▶ _What you should do_
For each record, copy the text exactly and omit any picture it holds.

---- Material shown

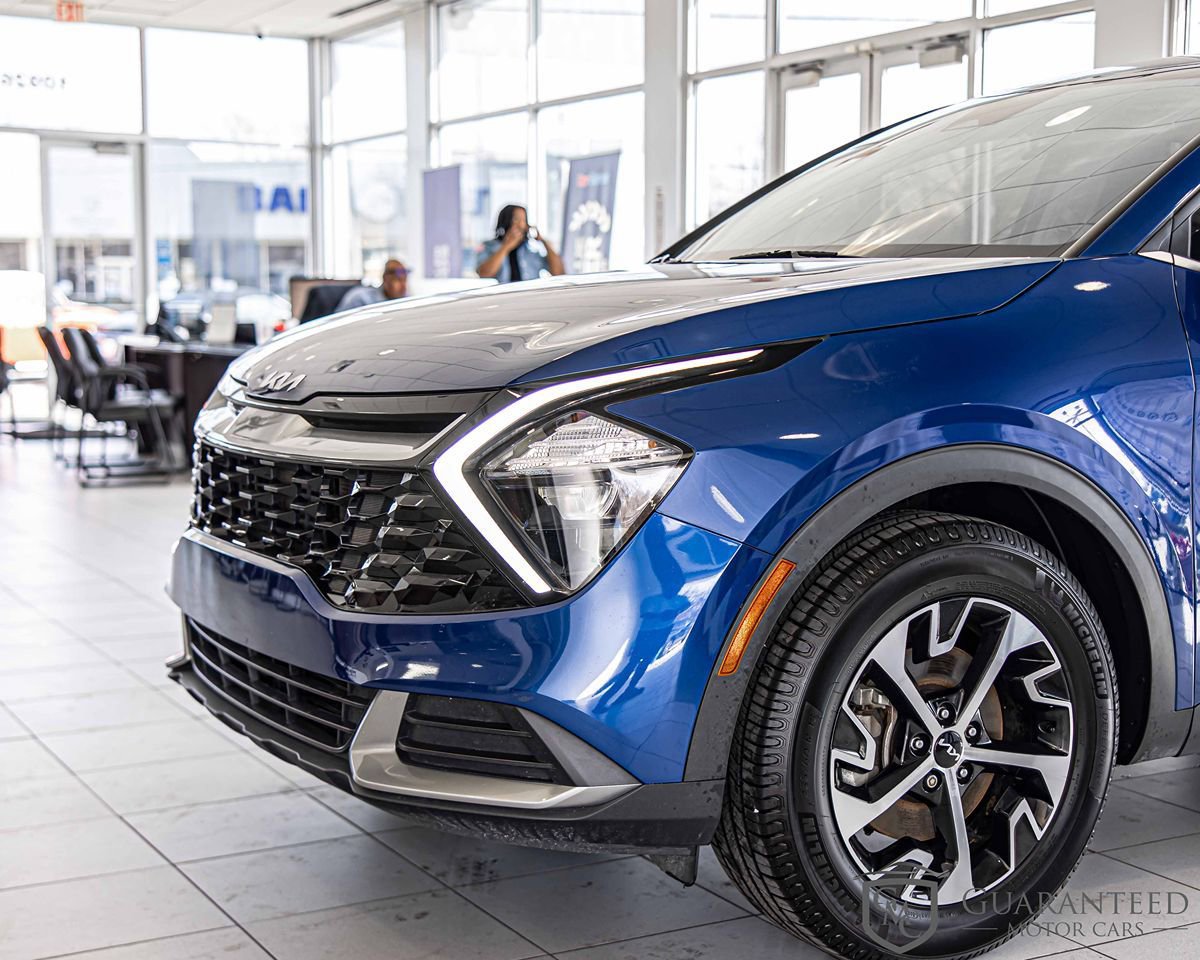 Used 2023 Kia Sportage EX FWD image 5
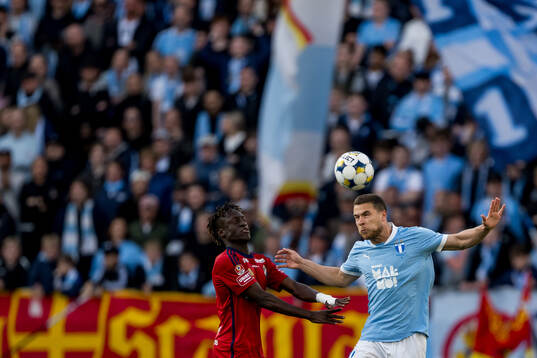 Östers Youssoupha Sanyang och Malmö FFs Gabriel Busanello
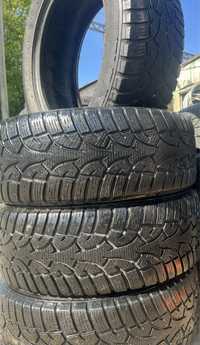 Шина зима 215/55 R 16 800 грн за 1 шт ,є комплект 4 шт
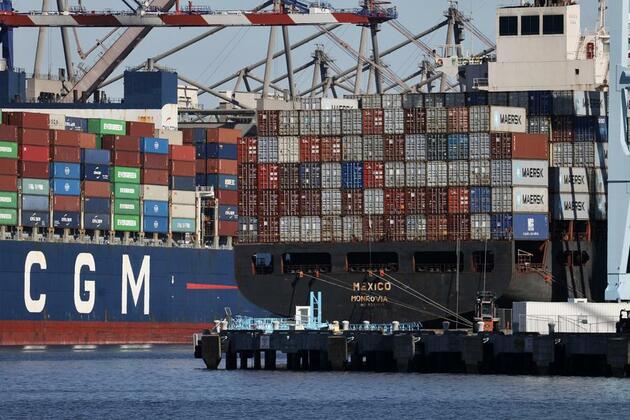 California governor warns of "code red" economic emergency due to high tariffs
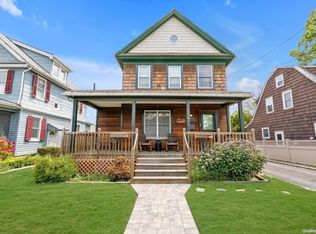 21 S Maryland Ave, Port Washington, NY 11050
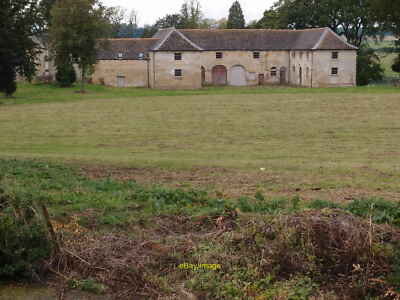 Foto 12x8 Stallblock bei Blatherwycke Das einzige erhaltene Bauwerk, das c2012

--------

▶ _Output for this exercise_
 Used 2023 Kia Sportage EX FWD image 5
 Östers Youssoupha Sanyang och Malmö FFs Gabriel Busanello
 Шина зима 215/55 R 16 800 грн за 1 шт ,є комплект 4 шт
 California governor warns of "code red" economic emergency due to high tariffs
 21 S Maryland Ave, Port Washington, NY 11050
 Foto 12x8 Stallblock bei Blatherwycke Das einzige erhaltene Bauwerk, das c2012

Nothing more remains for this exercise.